Wir haben die große Hürde, im Frühling mit den nötigen Baumaßnahmen zu beginnen. Wenn wir uns beeilen, sind wir im Herbst fertig und hätten dann Kosten, aber bis Anfang 27 wenig Einnahmen. Wenn wir die Bauplanung und Ausführung lieber gewissenhaft bis zum Ende 26 ausdehnen, wird es die ersten Brötchen im Februar 27 geben. Das scheint noch so lange. Jeder freut sich auf die ersten Gebäcke und Brötchen. Allerdings spart uns allen als Teilhaber dieses Warten sehr viel Geld.

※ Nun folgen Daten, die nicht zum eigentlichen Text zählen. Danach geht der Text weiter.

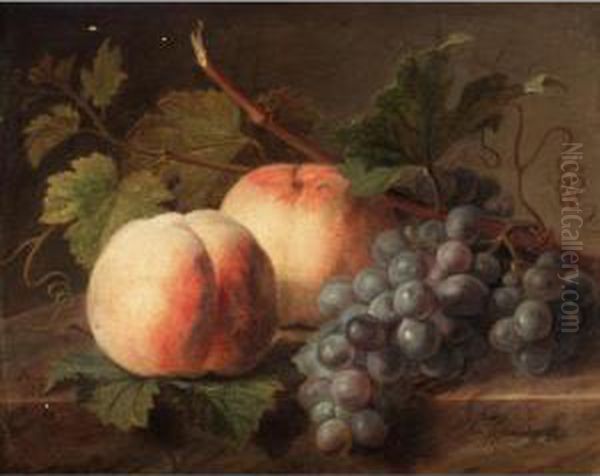 Two Peaches And Grapes Resting On A Marble Ledge Oil Painting by Cornelis van Spaendonck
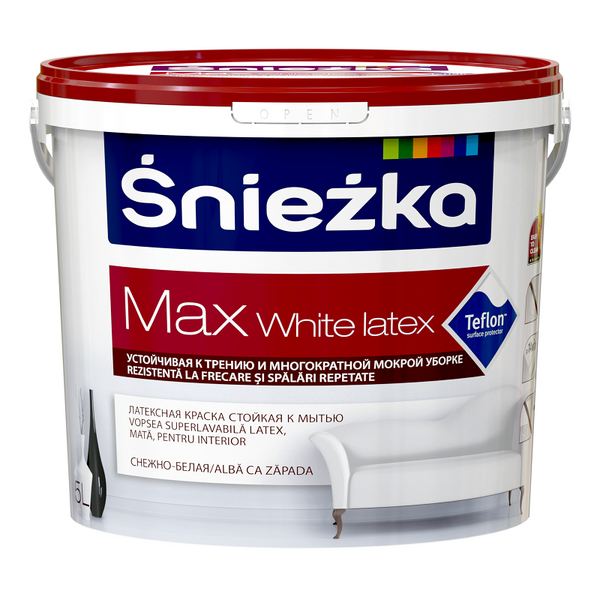 Краска водоэмульсионная Sniezka Max White Latex 5l белая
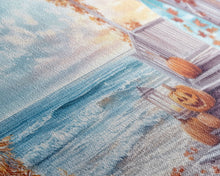 Carregar imagem no visualizador da galeria, Fall Beachfront Porch With Pumpkins Autumn Decor Framed Canvas Print, Coastal Autumn Home Decor Wall Art Beach Vibes
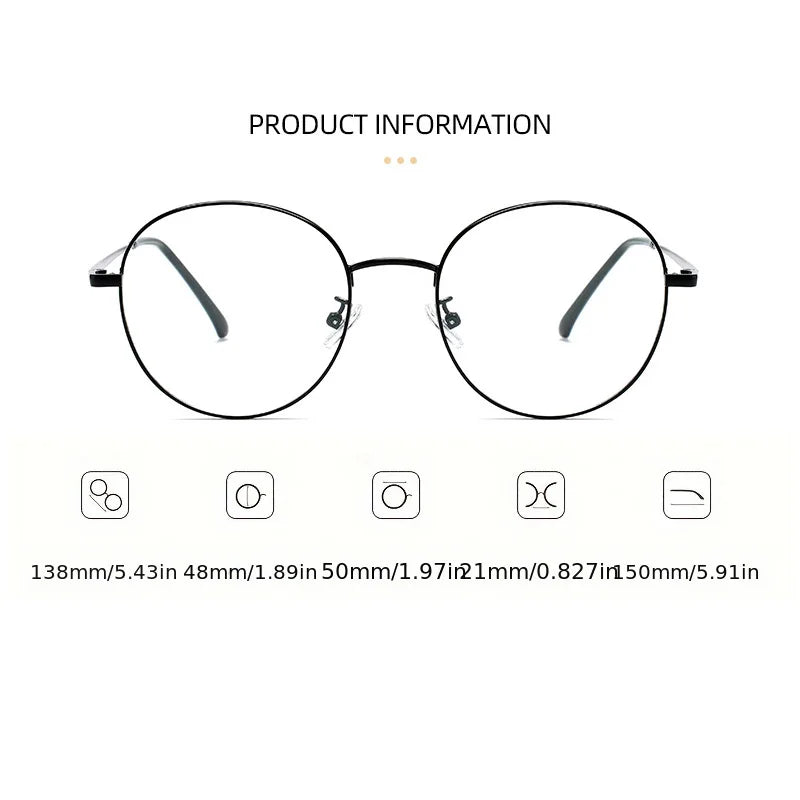 1-piece ladies' glasses, classic thin round frames, simple and fashionable, suitable for daily wear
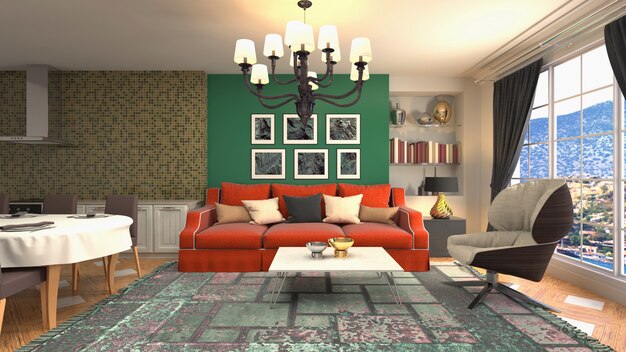 Illustration of the living room interior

Erhalten Sie von der Gemeinde Helgoland flankierende Unterstützung und wie sieht diese aus?

Die Gemeinde unterstützt uns mit der positiven Ansprache über ihre öffentlichen Kanäle und sie hat das Bürgerbüro für einen Informationsaustausch zur Verfügung gestellt.

Wann rechnen Sie realistisch damit, dass auf Helgoland wieder der Ofen angehen und es frisch gebackene Brötchen geben kann?

Der Ofen geht an. Die Fakten haben wir bereits. Die Helgoländer Franzbrötchen ohne Zimt, das Schwarzbrot und die leckeren Brötchen vom "Bäckermeister Meier" wird es zu Anfang 2027 geben.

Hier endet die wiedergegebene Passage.